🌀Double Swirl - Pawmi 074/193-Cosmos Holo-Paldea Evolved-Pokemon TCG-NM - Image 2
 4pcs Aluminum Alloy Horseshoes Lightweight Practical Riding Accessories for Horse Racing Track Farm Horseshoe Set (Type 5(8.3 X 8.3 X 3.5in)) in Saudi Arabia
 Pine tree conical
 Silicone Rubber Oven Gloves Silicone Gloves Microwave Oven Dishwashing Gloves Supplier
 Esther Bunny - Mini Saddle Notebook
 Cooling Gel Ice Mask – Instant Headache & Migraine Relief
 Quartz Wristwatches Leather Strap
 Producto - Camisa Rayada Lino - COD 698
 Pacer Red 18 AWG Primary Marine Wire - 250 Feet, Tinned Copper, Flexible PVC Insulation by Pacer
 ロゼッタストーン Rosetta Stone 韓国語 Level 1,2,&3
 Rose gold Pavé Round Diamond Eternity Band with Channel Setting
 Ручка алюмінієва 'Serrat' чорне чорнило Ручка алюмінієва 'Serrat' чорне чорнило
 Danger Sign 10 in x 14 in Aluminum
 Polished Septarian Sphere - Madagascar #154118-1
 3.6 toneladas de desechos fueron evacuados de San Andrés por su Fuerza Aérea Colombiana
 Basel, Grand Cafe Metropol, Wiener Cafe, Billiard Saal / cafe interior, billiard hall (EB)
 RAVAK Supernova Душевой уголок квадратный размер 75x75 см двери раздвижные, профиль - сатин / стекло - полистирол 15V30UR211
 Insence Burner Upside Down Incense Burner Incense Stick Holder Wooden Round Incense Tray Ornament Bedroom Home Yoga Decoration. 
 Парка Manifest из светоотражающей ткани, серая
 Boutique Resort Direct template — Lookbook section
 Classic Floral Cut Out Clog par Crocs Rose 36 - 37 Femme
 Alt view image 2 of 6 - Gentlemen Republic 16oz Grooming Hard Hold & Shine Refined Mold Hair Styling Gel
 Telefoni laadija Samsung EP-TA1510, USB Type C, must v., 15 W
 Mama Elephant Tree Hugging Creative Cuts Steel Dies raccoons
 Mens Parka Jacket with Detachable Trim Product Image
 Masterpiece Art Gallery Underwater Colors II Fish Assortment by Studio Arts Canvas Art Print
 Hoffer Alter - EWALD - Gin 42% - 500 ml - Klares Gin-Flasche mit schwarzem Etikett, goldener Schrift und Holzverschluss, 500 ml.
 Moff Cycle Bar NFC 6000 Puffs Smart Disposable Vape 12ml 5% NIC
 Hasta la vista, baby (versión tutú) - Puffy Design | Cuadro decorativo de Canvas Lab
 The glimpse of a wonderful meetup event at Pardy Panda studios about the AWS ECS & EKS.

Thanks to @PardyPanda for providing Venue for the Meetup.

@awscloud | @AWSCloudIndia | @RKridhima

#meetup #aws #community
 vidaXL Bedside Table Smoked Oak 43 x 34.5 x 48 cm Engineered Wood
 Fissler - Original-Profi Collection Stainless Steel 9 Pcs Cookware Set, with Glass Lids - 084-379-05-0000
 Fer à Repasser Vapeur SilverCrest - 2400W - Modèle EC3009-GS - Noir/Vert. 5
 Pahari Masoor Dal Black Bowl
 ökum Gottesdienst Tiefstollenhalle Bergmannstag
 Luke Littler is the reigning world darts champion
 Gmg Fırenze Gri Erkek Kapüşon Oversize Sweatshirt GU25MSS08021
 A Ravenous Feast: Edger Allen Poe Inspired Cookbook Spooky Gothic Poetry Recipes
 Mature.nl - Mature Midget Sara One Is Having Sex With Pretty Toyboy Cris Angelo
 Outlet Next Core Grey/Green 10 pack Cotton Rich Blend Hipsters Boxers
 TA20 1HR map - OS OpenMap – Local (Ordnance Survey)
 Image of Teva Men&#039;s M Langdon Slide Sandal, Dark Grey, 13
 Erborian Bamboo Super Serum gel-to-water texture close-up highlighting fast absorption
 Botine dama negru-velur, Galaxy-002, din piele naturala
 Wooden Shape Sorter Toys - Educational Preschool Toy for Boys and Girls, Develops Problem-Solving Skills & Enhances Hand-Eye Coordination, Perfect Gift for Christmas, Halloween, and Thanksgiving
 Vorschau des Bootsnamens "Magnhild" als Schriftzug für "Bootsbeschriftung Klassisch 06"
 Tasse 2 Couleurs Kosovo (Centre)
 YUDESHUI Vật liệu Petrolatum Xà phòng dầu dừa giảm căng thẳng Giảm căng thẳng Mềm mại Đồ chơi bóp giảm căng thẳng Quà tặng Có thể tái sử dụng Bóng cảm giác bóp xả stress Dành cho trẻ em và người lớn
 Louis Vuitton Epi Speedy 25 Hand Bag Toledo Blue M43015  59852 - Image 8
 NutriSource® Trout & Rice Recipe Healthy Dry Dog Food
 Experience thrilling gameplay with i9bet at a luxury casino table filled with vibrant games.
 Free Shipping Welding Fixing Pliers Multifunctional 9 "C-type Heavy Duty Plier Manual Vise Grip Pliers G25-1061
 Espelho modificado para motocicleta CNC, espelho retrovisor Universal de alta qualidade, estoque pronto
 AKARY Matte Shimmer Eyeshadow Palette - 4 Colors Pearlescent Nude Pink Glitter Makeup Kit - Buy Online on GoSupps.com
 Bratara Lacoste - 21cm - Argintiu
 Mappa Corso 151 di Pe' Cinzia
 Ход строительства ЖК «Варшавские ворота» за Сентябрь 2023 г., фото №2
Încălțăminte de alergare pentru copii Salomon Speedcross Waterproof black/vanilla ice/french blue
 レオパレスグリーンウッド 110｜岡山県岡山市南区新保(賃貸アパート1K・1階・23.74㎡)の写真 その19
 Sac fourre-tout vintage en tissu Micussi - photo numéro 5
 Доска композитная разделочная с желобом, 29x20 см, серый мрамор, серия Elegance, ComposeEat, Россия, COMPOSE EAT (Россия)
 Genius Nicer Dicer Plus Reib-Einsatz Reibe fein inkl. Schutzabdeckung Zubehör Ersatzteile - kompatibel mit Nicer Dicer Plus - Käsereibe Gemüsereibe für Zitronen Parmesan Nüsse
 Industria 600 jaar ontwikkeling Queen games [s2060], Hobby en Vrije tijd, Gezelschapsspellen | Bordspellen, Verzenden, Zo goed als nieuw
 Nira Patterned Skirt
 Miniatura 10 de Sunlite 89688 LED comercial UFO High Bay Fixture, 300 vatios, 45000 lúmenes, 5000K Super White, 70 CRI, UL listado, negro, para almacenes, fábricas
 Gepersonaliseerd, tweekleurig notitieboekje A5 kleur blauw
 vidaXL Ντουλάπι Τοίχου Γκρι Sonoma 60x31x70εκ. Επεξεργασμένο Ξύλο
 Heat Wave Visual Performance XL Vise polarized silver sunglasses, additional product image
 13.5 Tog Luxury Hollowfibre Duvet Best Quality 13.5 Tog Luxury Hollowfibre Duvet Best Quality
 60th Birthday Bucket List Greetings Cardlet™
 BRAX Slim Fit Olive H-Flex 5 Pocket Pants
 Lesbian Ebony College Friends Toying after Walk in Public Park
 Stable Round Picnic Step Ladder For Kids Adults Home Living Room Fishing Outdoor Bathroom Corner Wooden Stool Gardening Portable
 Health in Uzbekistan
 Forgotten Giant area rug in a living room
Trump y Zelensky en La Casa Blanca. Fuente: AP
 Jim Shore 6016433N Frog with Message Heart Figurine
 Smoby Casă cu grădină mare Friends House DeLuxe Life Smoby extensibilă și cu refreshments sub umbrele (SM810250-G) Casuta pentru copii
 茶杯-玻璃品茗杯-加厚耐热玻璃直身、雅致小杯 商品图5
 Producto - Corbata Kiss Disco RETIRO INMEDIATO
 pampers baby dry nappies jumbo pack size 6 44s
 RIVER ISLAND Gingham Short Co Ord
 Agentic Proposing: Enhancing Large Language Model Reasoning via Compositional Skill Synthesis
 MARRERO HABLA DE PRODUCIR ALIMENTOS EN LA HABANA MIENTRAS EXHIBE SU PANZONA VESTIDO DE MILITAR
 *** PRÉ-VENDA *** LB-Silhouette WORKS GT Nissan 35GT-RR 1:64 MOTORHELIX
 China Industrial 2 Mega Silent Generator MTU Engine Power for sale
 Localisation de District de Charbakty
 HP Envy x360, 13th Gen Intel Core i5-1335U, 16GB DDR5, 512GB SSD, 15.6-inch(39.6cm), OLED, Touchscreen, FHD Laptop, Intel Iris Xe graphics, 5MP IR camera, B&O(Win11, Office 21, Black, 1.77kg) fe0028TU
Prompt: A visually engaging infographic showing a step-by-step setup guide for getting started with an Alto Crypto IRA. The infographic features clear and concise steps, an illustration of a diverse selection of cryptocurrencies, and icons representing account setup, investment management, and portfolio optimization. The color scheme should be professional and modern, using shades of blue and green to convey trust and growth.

### What is needed
Your answer must be the lines above from the one containing "The glimpse of" to the one containing "Fissler - Original-Profi", both included, restated word for word.

### Your response
 The glimpse of a wonderful meetup event at Pardy Panda studios about the AWS ECS & EKS.

Thanks to @PardyPanda for providing Venue for the Meetup.

@awscloud | @AWSCloudIndia | @RKridhima

#meetup #aws #community
 vidaXL Bedside Table Smoked Oak 43 x 34.5 x 48 cm Engineered Wood
 Fissler - Original-Profi Collection Stainless Steel 9 Pcs Cookware Set, with Glass Lids - 084-379-05-0000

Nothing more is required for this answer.